Saturday, November 04, 2006

One for the Record Books

I swear, every time I tell myself this election just can't get any weirder, it does. I was startled enough with the Mark Foley business, but now this with Pastor Ted Haggard is just unbelieveable. Except that it isn't. It's far too believeable. What a sad commentary that he seems to be more willing to appear to be a crystal meth user than a guy who likes to play on the other team now and then.

And what timing. By the way, I think it's disengenous of the evangelicals in damage control mode to try and minimize this by saying it's just politics. Of course it's politics! Mike Jones, the hustler who outed Pastor Ted, said he did it because of the upcoming election, and the antigay state constitutional amendment that Haggard was supporting.

You've heard of the film "Jesus Camp"? It's a current documentary about a rather chilling youth camp, in Kansas I believe, which indoctrinates children from a very young age to be political warriors for Jesus. "Indoctrinate" means just that.
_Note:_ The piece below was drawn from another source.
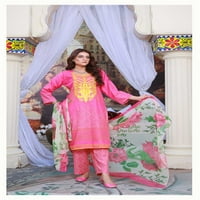 Готов за носене на трева с бродерия Пакистанска рокля за жени с шифон Дупата - три комплекта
I heard a discussion on the radio about this, describing a child of about six saying how he had been searching for the meaning of life, and found it when he came to Jesus. Excuse me? A six-year-old losing sleep about the meaning of it all? Forget it. The poor kid was programmed to say what he did.

Pastor Ted has a cameo in "Jesus Camp," as it turns out. The filmmakers went to his church, the New Life Church in Colorado Springs. They filmed him preaching to his flock, saying, "We don't have to debate what we should think about homosexual activity. It's written in the Bible." Then he spots the camera, leans in close and says into the lens, "I think I know what you did last night." Then straightens up with a smirk and says, "If you send me a thousand dollars, I won't tell your wife." Shrieks of laughter from the crowd. You can see it on YouTube here.

How horrible. He was no doubt trying to stave off one of his own deepest fears, blackmail, by mocking it. Even worse than blackmail, of course, is exposure, which he is now facing. When you know his secret, the self-loathing on naked display in that clip is chilling.

And it's not as if this should have come as a huge surprise to anyone. Take a look at this painting by Thomas Blackshear:



Know where it's hanging? In the foyer of Pastor Ted's New Life Church. I don't know if he picked it out himself, but he certainly didn't object to it. And this is what the congregation sees when it comes in every Sunday. There are other Blackshears there too but this is the most homoerotic. Yeah, yeah, I know it's supposed to be Jesus lifting up a poor sinner weary with the evils of the world, but was it necessary to make it look like The Lord's starting to slip the guy's shirt off? Off of a guy who looks like he's thinking, if I just go along with this and don't say anything, it's gonna be really, really hot! Honestly, is this difficult for anyone to decode?

Man. I actually can feel some sympathy for Haggard, even though he brought it all on himself. But I feel terrible about his wife and kids. They didn't do anything wrong, except perhaps refuse to see the clues, but now their entire world has been torn to shreds. His kids were in the car for that agonizing TV interview Haggard gave, trying to sell that story about buying the crystal meth out of curiosity, but throwing it away before trying it. I can't imagine the misery of hearing your father try to save his skin with a pathetic lie like that. I expect any one of them could have come up with something more convincing if he'd just asked them for help.

What this whole mess, as well as the Mark Foley scandal, just goes to show is the horrible destructiveness of the closet. The damage it does to people and families when someone is forced to try and be someone he is not. It is a terrible place, the closet, and I'm so glad I got out of it as early as I did.

Mark Foley. Pastor Ted. Can't get much worse for the political and religious right than that. And at the top, a president so delusional he thinks he can still persuade us things in Iraq are going pretty well, and getting better all the time. Plus a Republican Congress that became so addicted to raw power that it abandoned all pretence of bipartisanship, even shutting Democrats out of committee meetings. It's not supposed to work like that. Not to mention the incredibly blatant corruption, just raking in the cash.

I'm with Andrew Sullivan on this. If all goes well this won't just be an election. It will be an an intervention.